| What to produce |
Find the line containing "telur tetas ayam", then print it and each line after it through the end of the listing exactly, with no pictures.

| Records supplied |
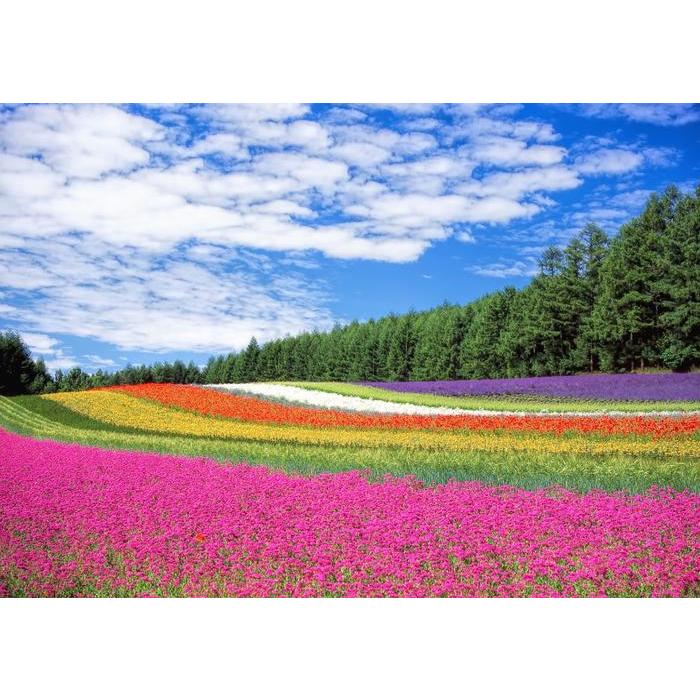 絵画風 壁紙ポスター 花畑 ラベンダー ポピー 小町草 富良野 北海道 キャラクロ Flgd 001a1 A1版 0mm 585mm Flgd 001a1 レアルインターショップ 通販 Yahoo ショッピング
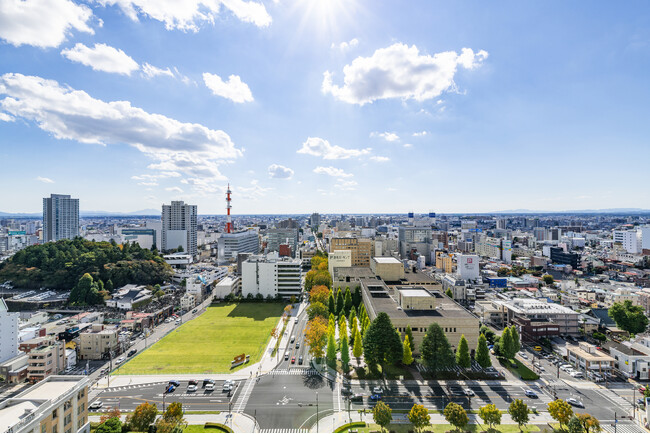 株式会社ライジング（代表取締役：大島 積生）、次世代型AI搭載ホームページの販売パートナーを栃木で募集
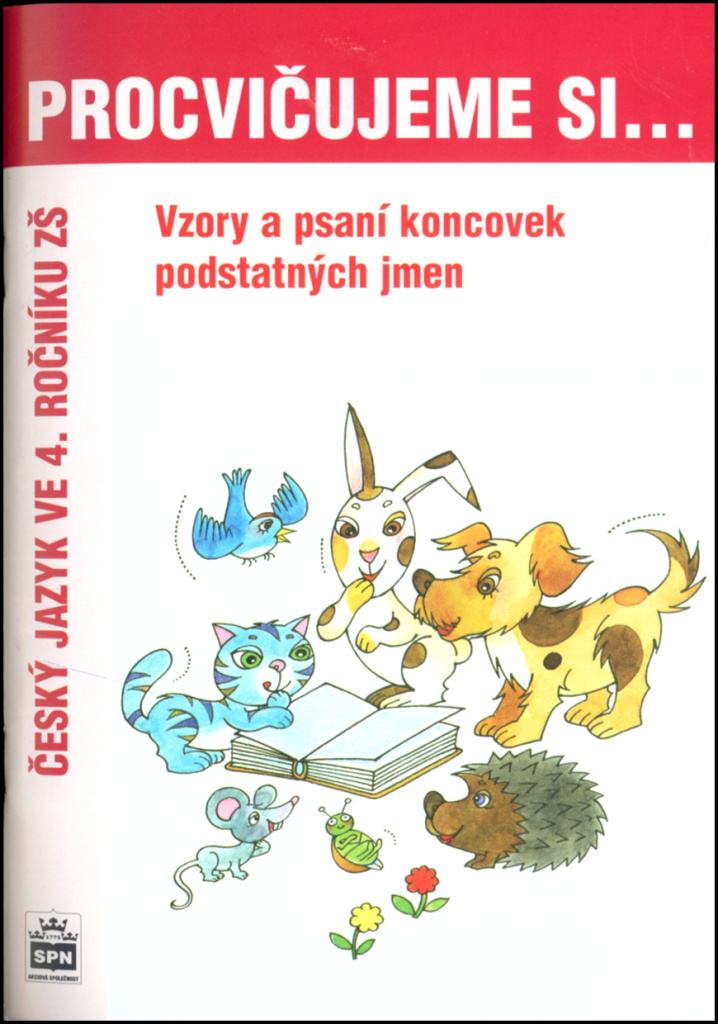 Vzory a psaní koncovek podstatných jmen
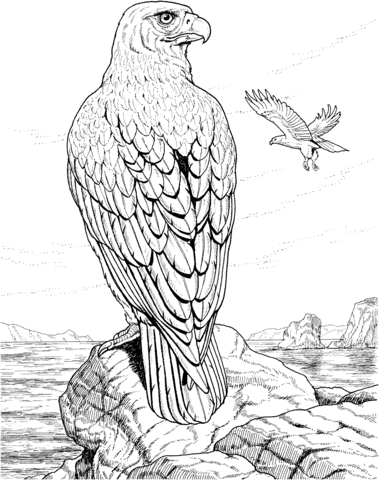 Eagle Perched On A Rock Coloring Page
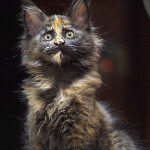 Maine Coon kitten Beata StarPaws, color f, litter B, 23.12.2017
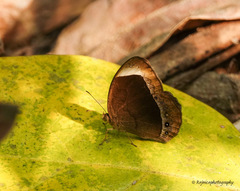 Mycalesis anaxias
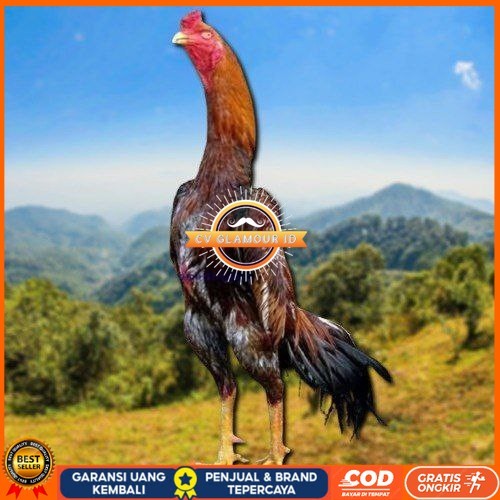 

telur tetas ayam shamo jepang ori CV GLAMOUR ID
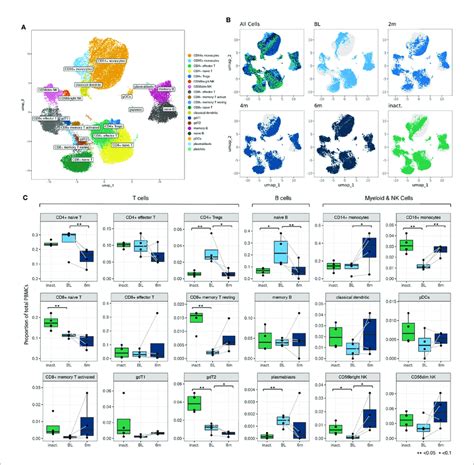 A A Umap Plot Showing 19 Manually Annotated Cell Types From 24 Download Scientific Diagram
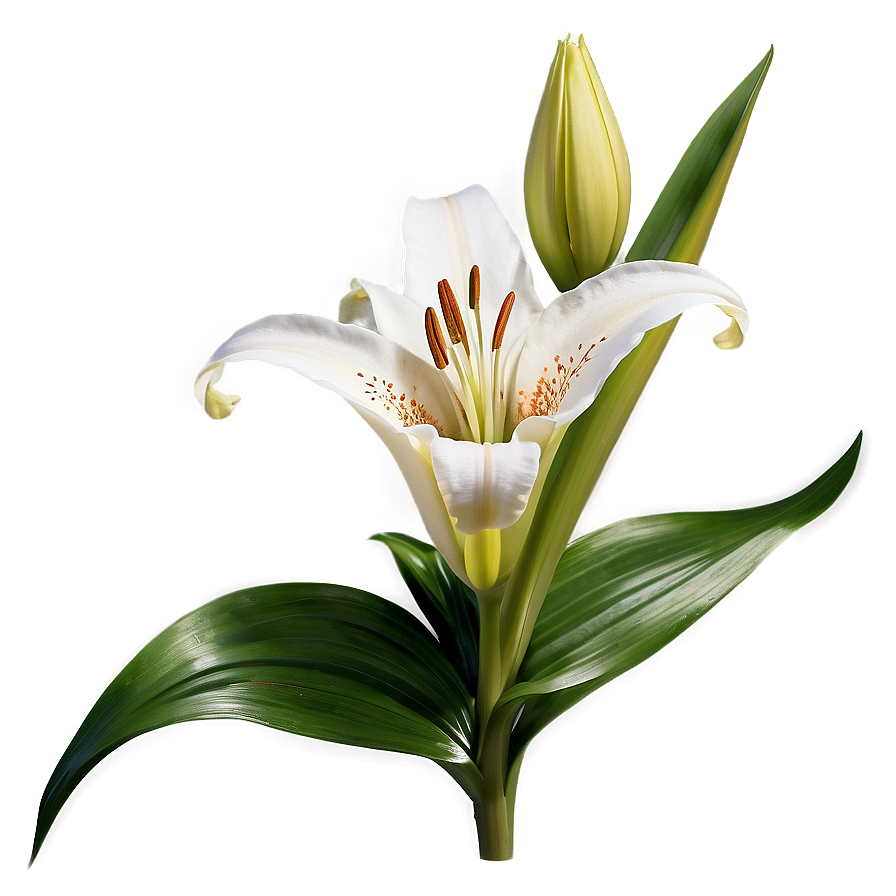Blooming Lily Flower Png 35 PNG
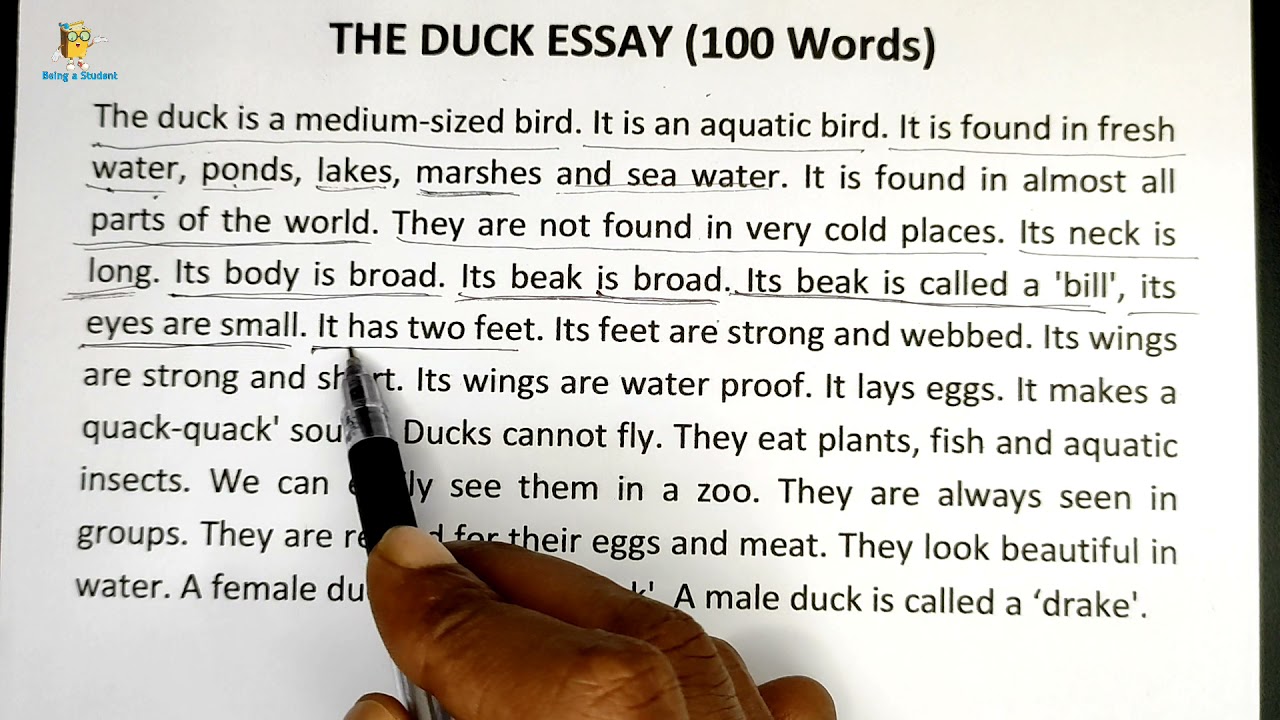 job duck essay example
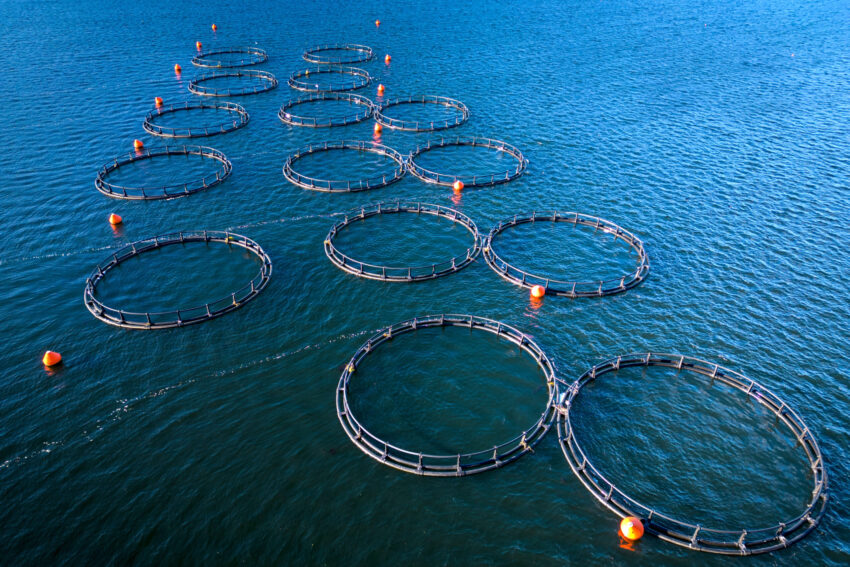 Aquaculture in Ria Formosa enters public consultation phase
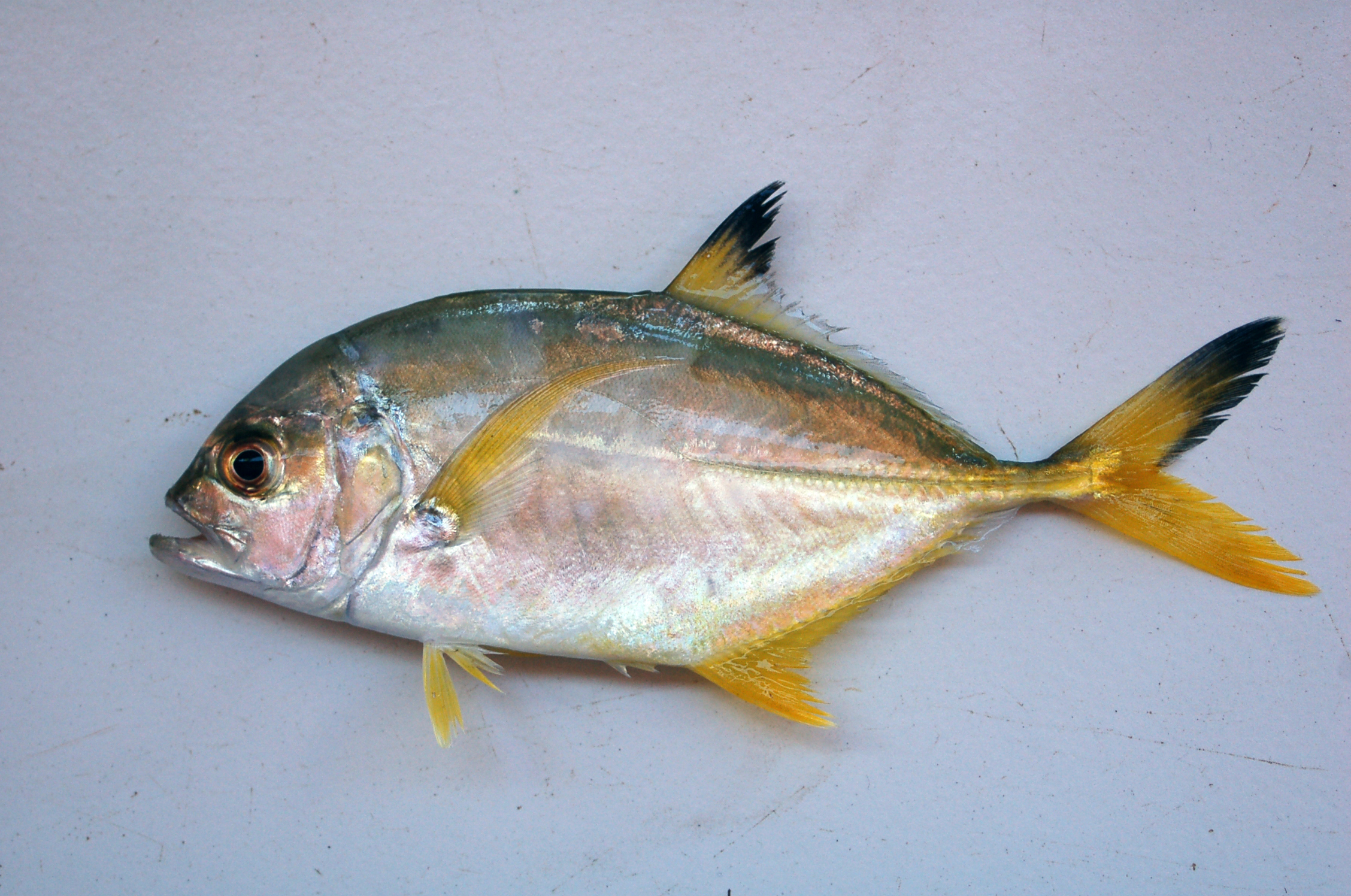 Blacktip kingfish (Caranx heberi) — Carangidae — 3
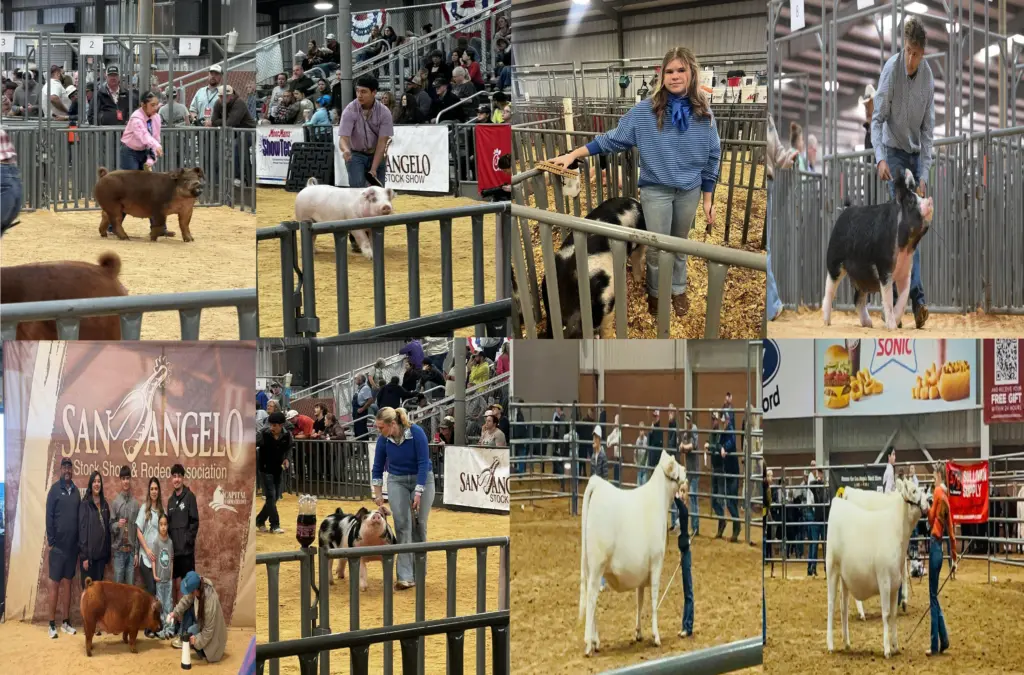 san-angelo-stock-show-floydada-ffa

| Final answer |
telur tetas ayam shamo jepang ori CV GLAMOUR ID
 A A Umap Plot Showing 19 Manually Annotated Cell Types From 24 Download Scientific Diagram
Blooming Lily Flower Png 35 PNG
 job duck essay example
 Aquaculture in Ria Formosa enters public consultation phase
 Blacktip kingfish (Caranx heberi) — Carangidae — 3
 san-angelo-stock-show-floydada-ffa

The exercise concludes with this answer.